> WHAT TO DO: Leaving out all pictures, write down exactly the lines from the one containing "Детская пижама с шортами / Detroit AX400" through the last line of the material.

> SUPPLIED INFORMATION:
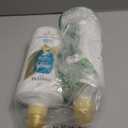 Pantene Conditioner, Smooth and Sleek - Frizz Control with Antioxidants, Nourishing for All Hair Types - Curly, Dry, Color-Treated, 25.1 Oz Each, 2-Pack + Miracle Rescue Shot (0.5 Oz)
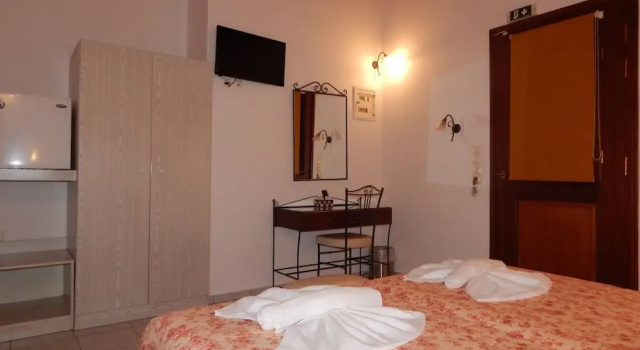 Двухместный номер Economy с видом на море Tinos Suites & Apartments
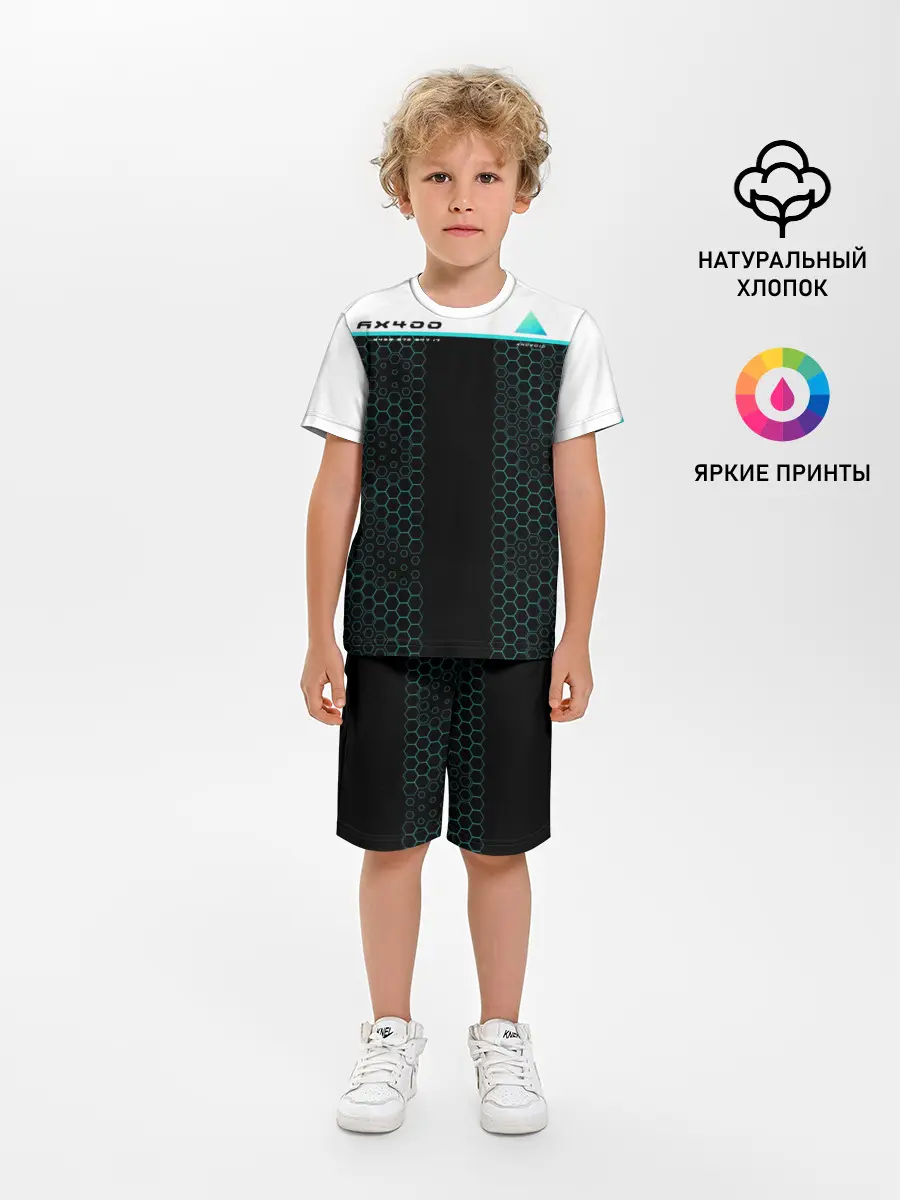 Детская пижама с шортами / Detroit AX400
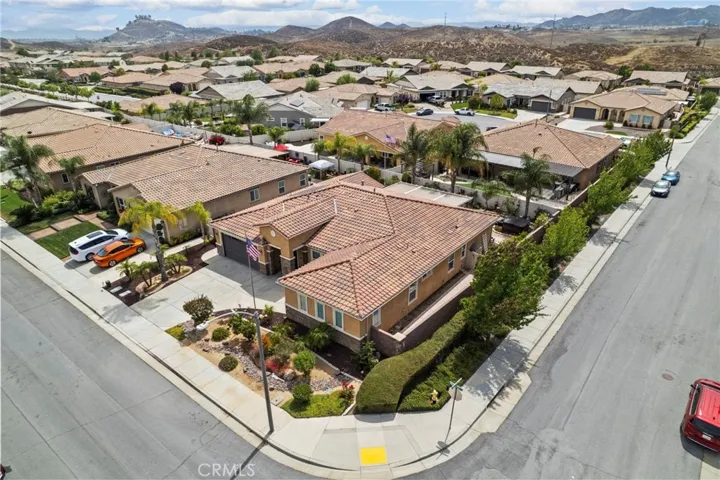 Large corner lot with a view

> TASK SOLUTION:
 Детская пижама с шортами / Detroit AX400
 Large corner lot with a view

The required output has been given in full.